Prognostic significance of proteomics and multi-omics studies in renal carcinoma
Published in Expert Review of Proteomics, 2020
Francesca Raimondo, Marina Pitto
Regarding phosphoproteomics, the already cited investigation performed on six different cancer types highlighted the peculiar phosphorylation pattern of RCC, compared to the other malignancies [23]. A few other papers analyzed specific pathways through different approaches. A proteomics SELDI-based analysis of 93 urinary samples of patients affected by RCC, compared with healthy subjects and other urological conditions, provided signatures specific for each condition. In particular, urinary excretion of Raf Kinase Inhibitor Protein – a key regulator of cell signaling – and its phosphorylated form was shown to be predictive for cancer-specific survival and progression-free survival in RCC [61]. van der Mijn et al. [62] evaluated global tyrosine phosphorylation by LC-MS/MS after immunoprecipitation with an anti-phosphotyrosine antibody in RCC 786-O cells treated or not with sunitinib.

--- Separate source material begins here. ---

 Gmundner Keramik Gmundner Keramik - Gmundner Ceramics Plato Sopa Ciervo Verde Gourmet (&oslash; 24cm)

One hundred and eighty phospho-peptides resulted to be differentially regulated, among which tyrosine-protein kinase receptor UFO (AXL), a cell surface receptor tyrosine kinase, exhibited a significant upregulation. Its inhibition was shown to improve the antitumor activity of sunitinib [62]. A quantitative phosphoproteomic approach was applied to identify pyruvate kinase M2 (PKM2) substrates in RCC cells: the results underlined the importance of two phosphorylation sites on mTORC1 inhibitor AKT1 substrate 1, whose activation leads to accelerated oncogenic growth and autophagy inhibition in cancer cells. The deepening of PKM2 phosphorylome revealed a constitutive mTORC1 activating mechanism in RCC cells [63]. In a comparative study on RCC tissue and ANK, the authors investigated the role of Golgi phosphoprotein 3 (GOLPH3), a proto-oncogene product. Its expression was found to promote the proliferative and invasive capacity of RCC cells via phosphorylation of FAK/Raf1/MEK and further activation of Wnt/β-catenin signaling pathways, using a high-throughput phospho-proteome array verified by immunoblotting [64].